Retour

Macron accumule les appuis, Le Pen quitte temporairement la direction du FN

Les principaux partis en France se rallient au centriste Emmanuel Macron, même si ce nouveau venu a contribué à leur échec au premier tour de la présidentielle. Ils espèrent qu'il bloquera l'entrée à l'Élysée de la candidate d'extrême droite Marine Le Pen, qui a annoncé lundi qu'elle se retirait temporairement de la direction du FN.

Les appuis à M. Macron se sont multipliés, lundi, au lendemain du premier tour, venant de l'Union européenne, de la chancelière allemande, Angela Merkel, et de groupes juifs et musulmans troublés par la vision anti-immigration de Mme Le Pen.

Les sondages placent M. Macron comme favori dans son duel contre Mme Le Pen au deuxième tour, dans 15 jours.
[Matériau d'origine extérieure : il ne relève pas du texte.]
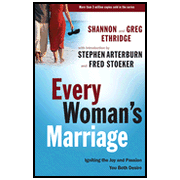 Every Woman's Marriage: Igniting the Joy and Passion You Both Desire:  Shannon Ethridge, Greg Ethridge: 9780307458575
Il n'y a toutefois pas de garantie que les Français se rassembleront pour bloquer Mme Le Pen de la même manière qu'ils l'avaient fait contre son père, Jean-Marie Le Pen, lors de la présidentielle en 2002.

Dans un discours solennel à l'Élysée, le président français, François Hollande, a annoncé qu'il voterait pour M. Macron, son ancien ministre de l'Économie, car selon lui, Mme Le Pen représente « le danger de l'isolement de la France, mais aussi de la rupture avec l'Union européenne ».

De son côté, Mme Le Pen espère s'assurer l'appui d'électeurs opposés à son parti, le Front national (FN), associé depuis longtemps au racisme et à l'antisémitisme.

Lundi, elle a pris une décision en ce sens, annonçant qu'elle se retirait temporairement de la direction du FN, pour offrir en principe une candidature indépendante au deuxième tour de la présidentielle, le 7 mai.

« Ce soir, je ne suis plus la présidente du FN, je suis la candidate à la présidentielle », a-t-elle déclaré à la télévision publique, ajoutant vouloir être « au-dessus des considérations partisanes ».

Les responsables du FN ont fait valoir qu'un vote pour Marine Le Pen serait un geste naturel pour les électeurs qui en ont assez du statu quo.

Mme Le Pen n'a pas tardé à ouvrir les hostilités, lundi, contre M. Macron, parlant d'un « européiste radical et hystérique », favorable à une ouverture totale des frontières et négateur de la culture française.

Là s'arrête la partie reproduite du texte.